Long, long ago, there was a practise in ancient India called Swayamvar. It has been described many times in our mythology. It is generally about a princess who has attained the eligible age for marriage. A line-up of eligible grooms is lined up. They come dressed up in their best, and vie for the beautiful princess’ hand. Sometimes, the grooms have to demonstrate their eligibility by completing some difficult task. Arjuna, for instance, won Draupadi’s hand by shooting a rotating fish by looking at its reflection in India. Whenever my Patti narrated this story, I always wondered how shooting a fish makes him eligible for being a good husband. Does being a better archer make him a better and more caring, understanding human being? Or was a better archer assumed to be a better protector of his wife? I never got the answer then.

I assumed that since the wise elders couldn’t come up with a fool-proof way to evaluate the grooms, they decided that they might as well have some fun conducting the event… it sure must have been fun seeing one guy after another trying his best to shoot at a fish, while keeping one eye on the beautiful princess, who was gonna decide who was gonna decide the outcome…

Times changed, and roles reversed.
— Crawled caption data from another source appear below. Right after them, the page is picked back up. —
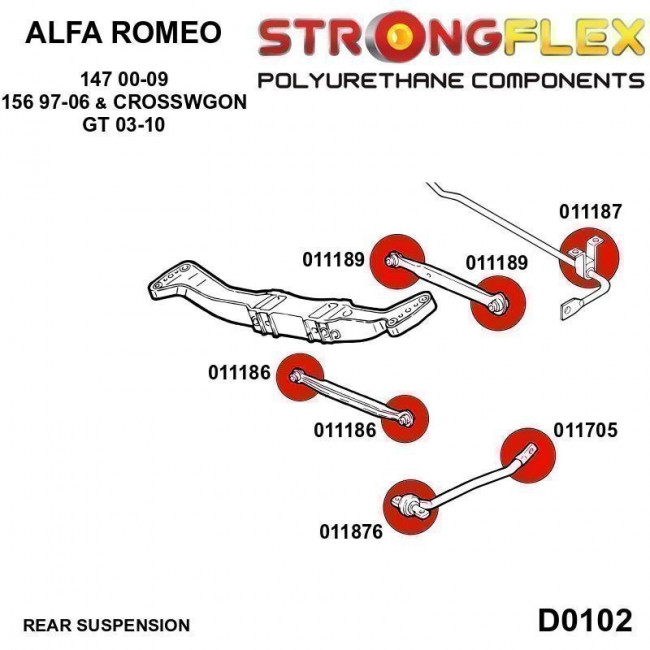 Σινεμπλόκ Πολυουρεθάνης Strongflex ζαμφόρ Alfa Romeo 147 / 156 / GT - (011187B)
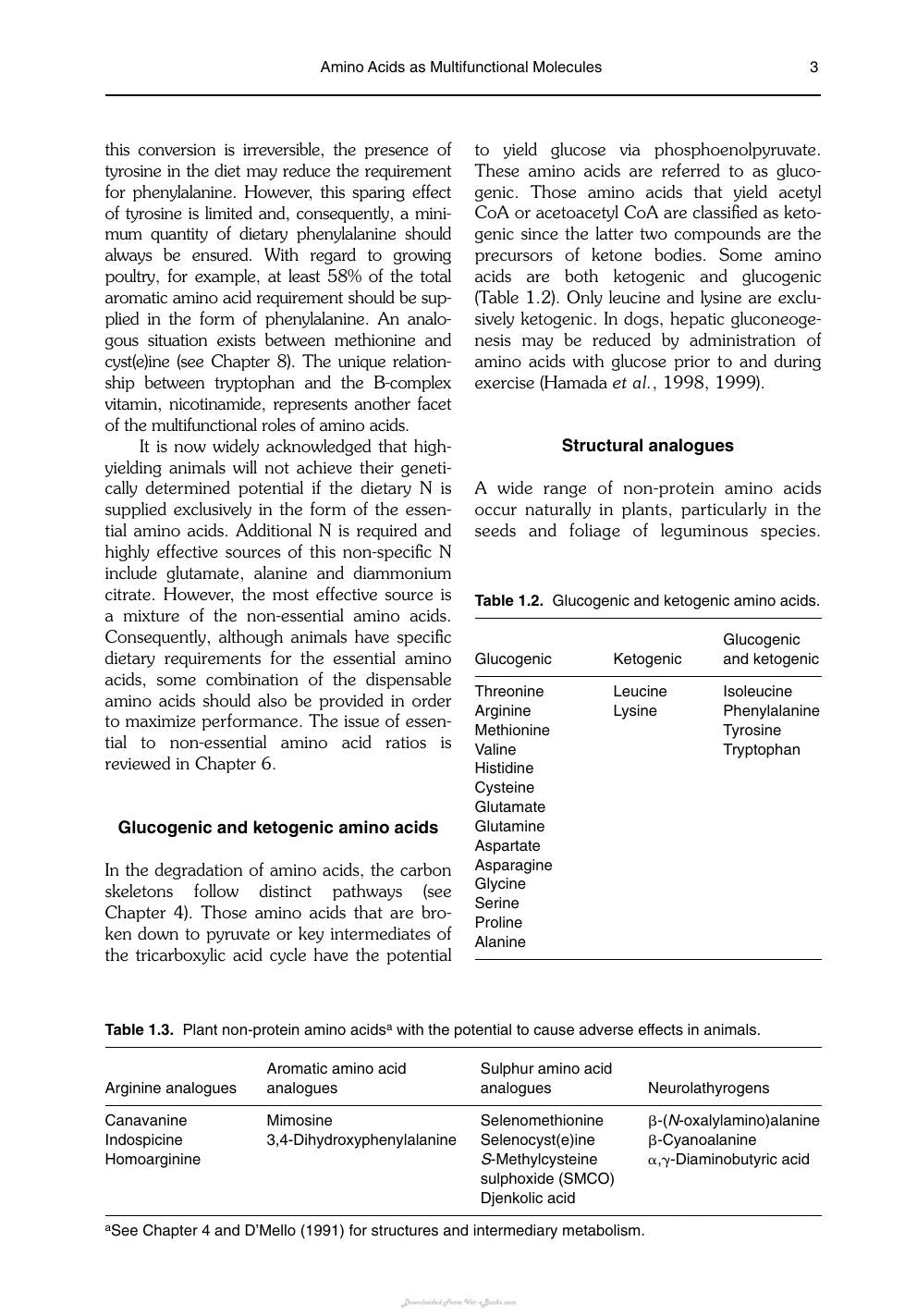 Amino Acids In Animal Nutrition 2Nd Edition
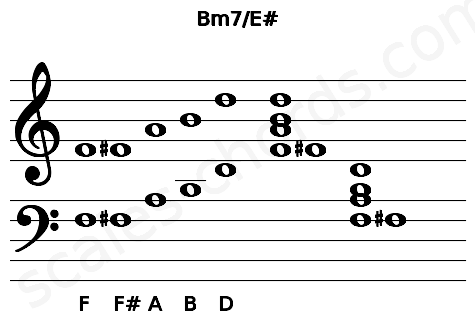 Musical staff for the Bm7\E# chord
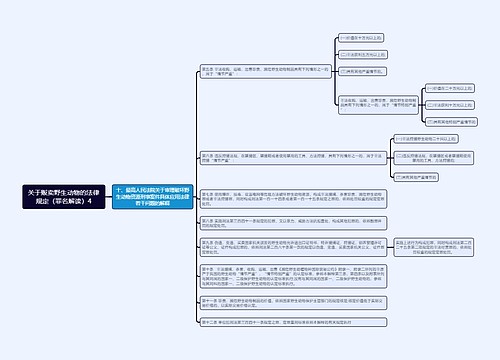 《关于贩卖野生动物的法律规定（罪名解读）4》思维导图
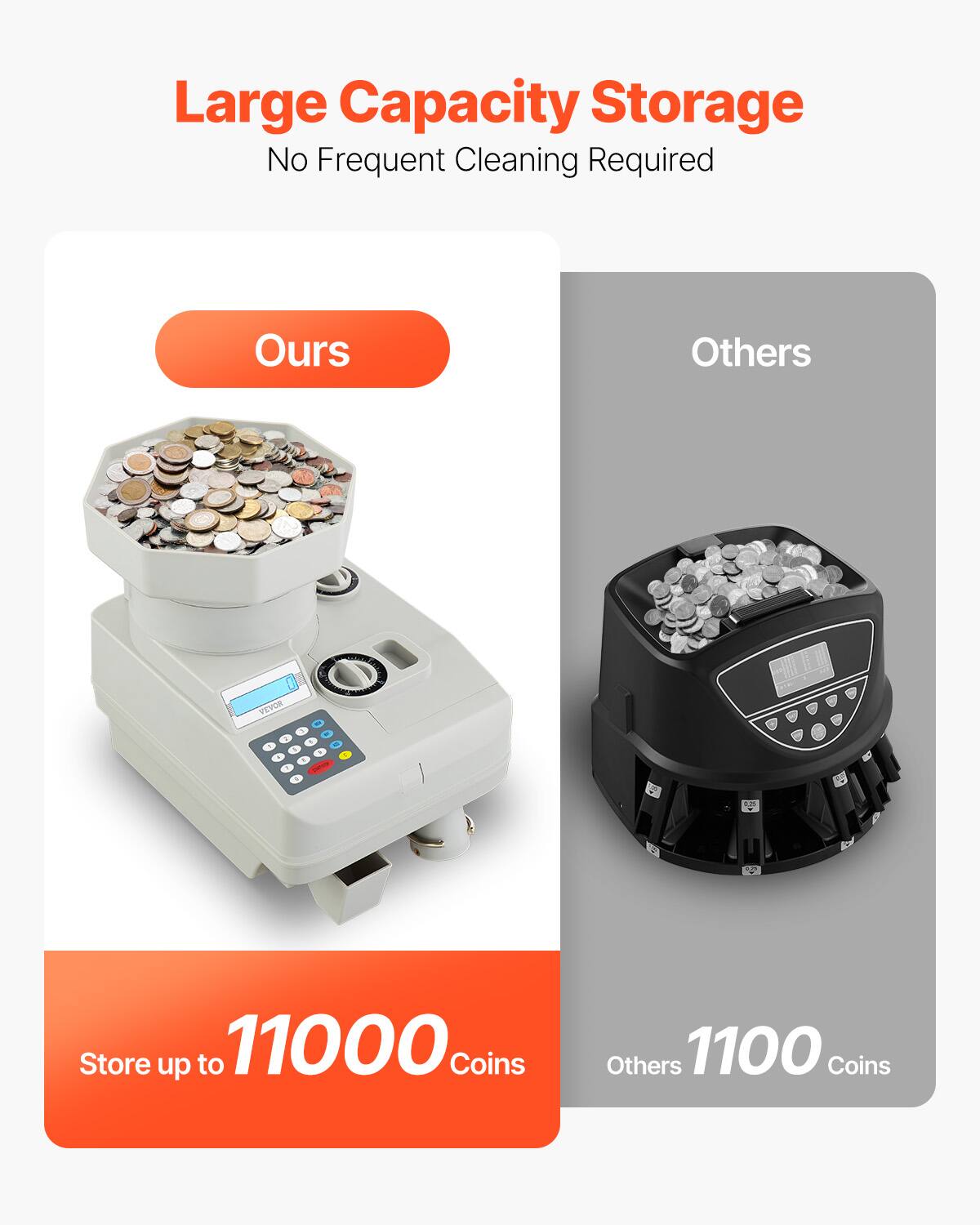 Large Capacity Storage  
No Frequent Cleaning Required  

Ours  
Store up to 11000 Coins  

Others  
1100 Coins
In the twenty-first century age of women empowerment, the practise of ‘arranged marriage’ continues… the guy’s family goes to the gal’s place… it is a time for free food in the form of delicious bajji-bonda… the guy’s family asks the gal whether she knows how to cook, how to sing, how to dance and some more inane questions… the poor gal dresses up for the occasion, out to impress her probable suitor… and the mockery continues… I always wondered whether a better cook, a better singer and a better dancer makes for a better human being… and I never got the answer…

I assumed that since today’s wise elders are no wiser than ancient ones, they decided that they might as well have some fun while going about the dreary job of hunting a suitable bakri for their useless chokra… and what can be more fun than free food, being fussed over, and generally feeling superior especially since the other party can’t say anything…

I witnessed a similar form of Swayamvar in my b-school… there were companies coming to look at the potential aspirants… all of us dressed up like any obedient daughter in a traditional Indian family would when the guy’s family comes visiting… all of us practiced our introductions, our strengths, weaknesses and hobbies and interests… and our future plans and career objectives and a host of other things…

I have always wondered why companies are interested in my hobbies and what books I read… does that make me a better employee? Why do they ask us our strengths and weaknesses, when they know perfectly that not one person is going to admit to his/her real weaknesses? Since the company is smart enough to know that people are obviously bluffing, do they actually look for people who can lie with a straight face, and that consistently when cross-questioned? Also, why do they conduct 15 minute shouting matches euphemistically called a GD? Does the loudest guy/gal make the best employee, because he/she can out shout the competition? Why do they want to know what our plans for the next five years are, when year after year, candidates have been known to jump companies within two years of joining? As usual, I never got my answer…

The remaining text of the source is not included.